If this code works for iOS Structure SDK, then the only thing needed is the actual conversion from depth to millimeters, which I cannot find in OpenNI SDK.

Okay, how stupid of me. If I set pixel format to PIXEL_FORMAT_DEPTH_100_UM then the only thing I need to do is divide the depth by 10 and I will have millimeters (as floats). Now the only thing to do is to get intrinsic parameters of the structure sensor for VGA resolution and I will obtain a full point cloud.

Hi phellstein,
I’m working with something very similar.
I’m looking for how we determine the values of the focal lengths, and the focal plane centers.

I would imagine that these values differ slightly for each camera, do you know how to determine these for an individual camera?
Or do these values work for every structure sensor?
I know that each stream(depth and IR) can return their horizontal and vertical field of views, but I’m a bit stuck on converting field of view to focal depth and focal plane center.

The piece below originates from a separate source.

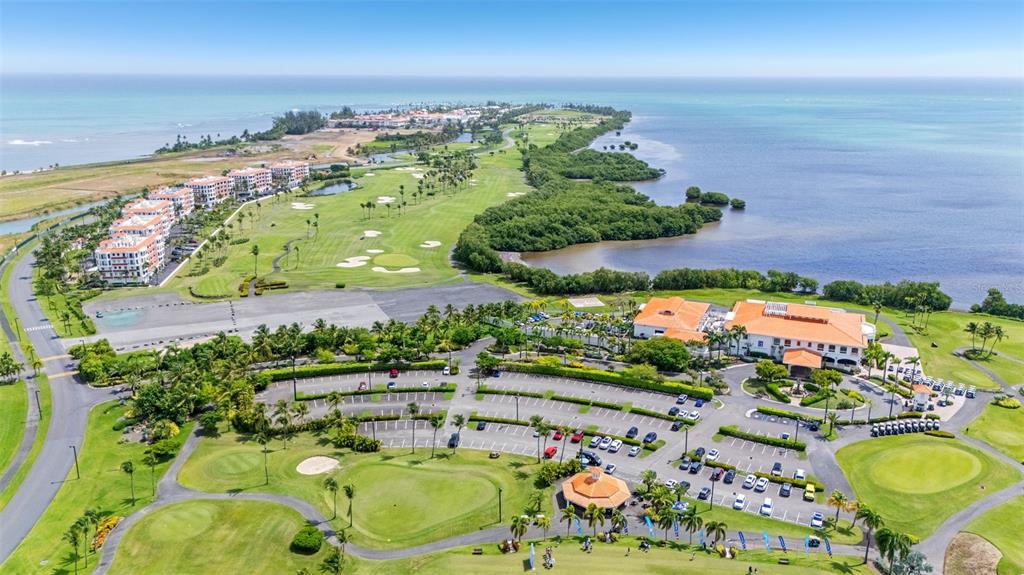 An aerial view shows a golf course, a parking lot, and buildings near the ocean — 400 COCO BEACH BOULEVARD UNIT G-301, RIO GRANDE, PR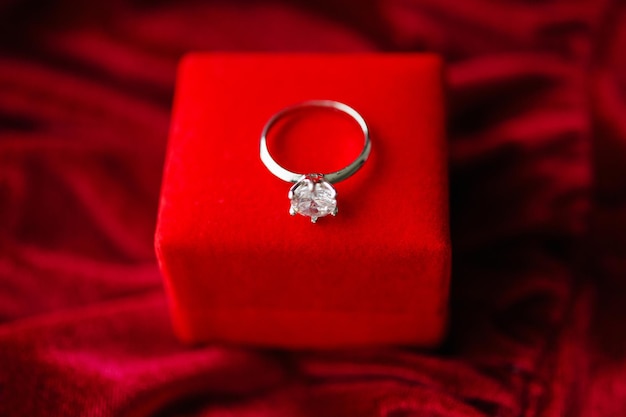Diamond ring with jewelry gift box on red fabric background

Maybe a manual calibration (measuring distance between camera and subject in addition to the x and y lengths of some the subject and backsolving for focal values)is required for high accuracy for each device. Is there a good write up of this conversion model anywhere?
I found this article about using a matrix to transform between depth pixel and 3d point coordinates. But to me it is unclear how exactly to retrieve the z coordinate. While they suggest linear interpolation between the known coordinate at the center of the image and the z coordinate at the edge of of the field of view, this would lose significant accuracy. With the high angle field of view of the structure sensor, a linear interpolation would lose accuracy especially near the camera. So my next thought was using the pythagorean theorem to use the x, y and depth values to find the z coordinate, but that’s a non-linear equation and can’t be simply incorporated into a linear transform. Now that I’m thinking about it, there might be a linear solution using trigonometry…

Anyways, have you come across any particularly good write-ups on the subject?

Thanks,
Andrew